Está claro que Blanco Calderón no es el único escritor que siente una fuerte atracción por la palabra, pero es uno de los pocos que la convierte en el tema de su novela…

–Tengo la impresión – comenta el escritor – de que a veces en el contexto venezolano el trabajo literario que hago se describe de esa manera, como si fuese una particularidad mía. Habría que ver en qué medida esto es cierto. Prefiero inscribirme en una corriente más amplia y  tradicional de la literatura que habla sobre la literatura, la literatura que habla del oficio del escritor, del oficio de la lectura y que, por supuesto, conlleva a una reflexión sobre el lenguaje.

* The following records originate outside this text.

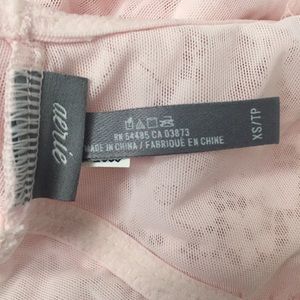 aerie Intimates & Sleepwear - NEW! Aerie Lace Bralette with Shoulder Detailing aerie Intimates & Sleepwear - NEW! Aerie Lace Bralette with Shoulder Detailing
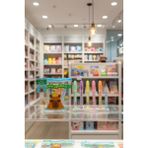 Miniso Lisanslı Pişirme Serisi Mimi Bara Figürlü 6 Renk Tükenmez Kalem Seti – Akıcı & Renkli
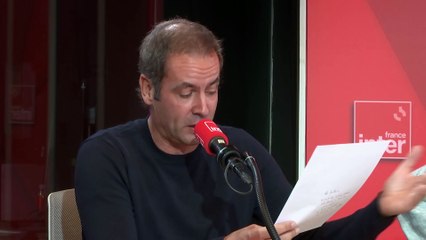 Les hackers russes sont des cons - Tanguy Pastureau maltraite l'info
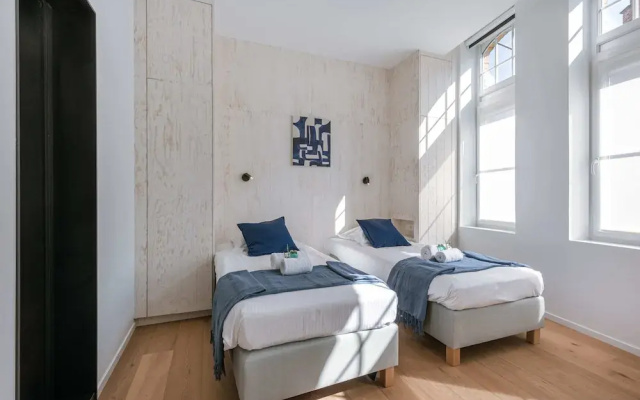 Bright Apartment in the Center of Ypres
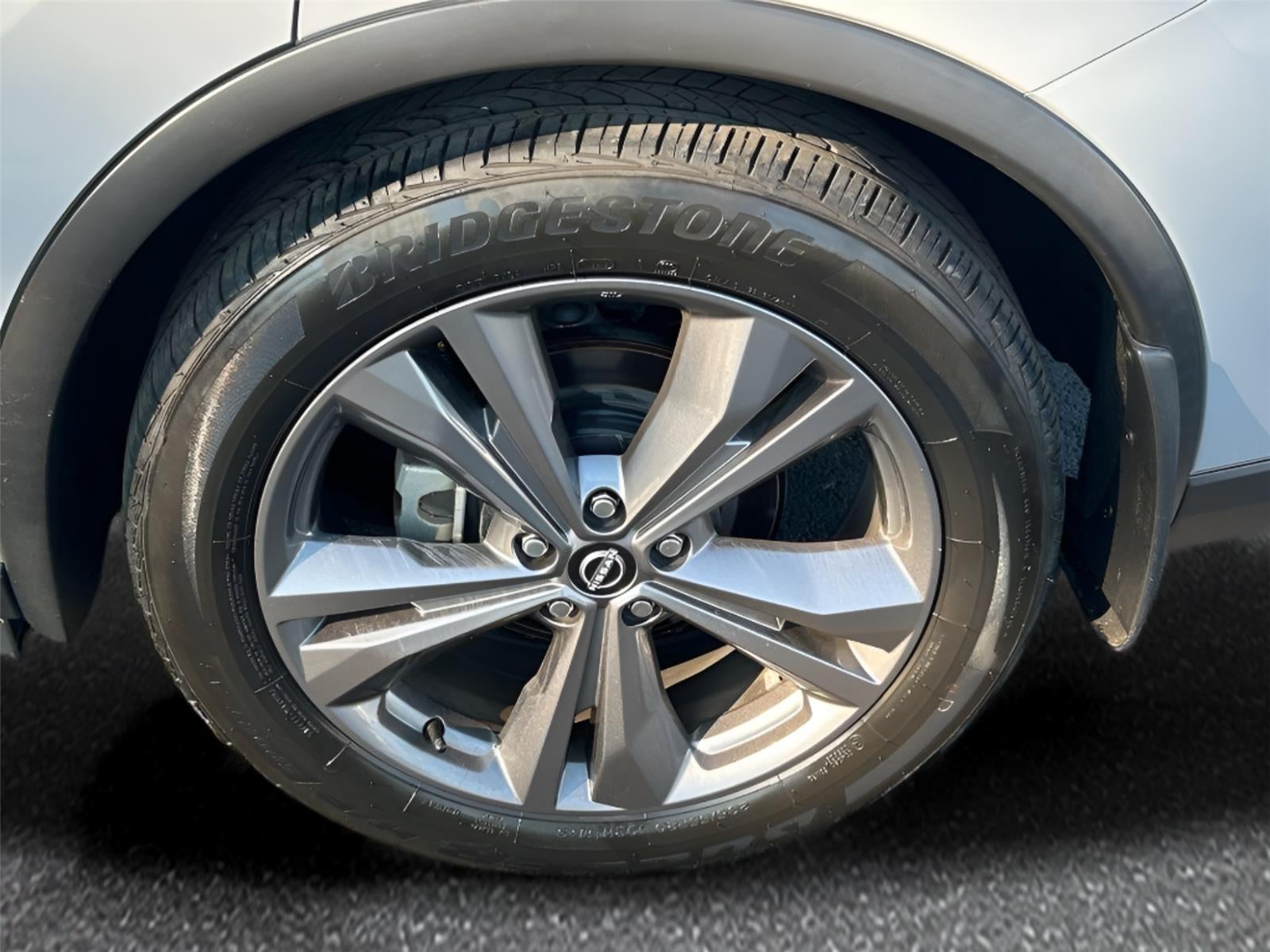 2024 Nissan Murano Platinum FWD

–Autores como Roberto Bolaño, Ricardo Piglia y Fernando Vallejo, por mencionar tres escritores latinoamericanos contemporáneos – continúa el escritor – son ejemplos de que se trata de una tradición anterior. Pero primero tienes el caso de Borges, el caso de Cervantes, e incluso puedes remontarte hasta la Ilíada. Todas las obras que yo considero importantes no cuentan sólo una historia sino que tienen una cuota de autoreflexión; la reflexión que hace el autor sobre el propio acto de narrar y lo que implica en la sociedad. Esa es la tradición literaria que me ha marcado como lector y  ha sido natural que eso se haya filtrado en mi escritura.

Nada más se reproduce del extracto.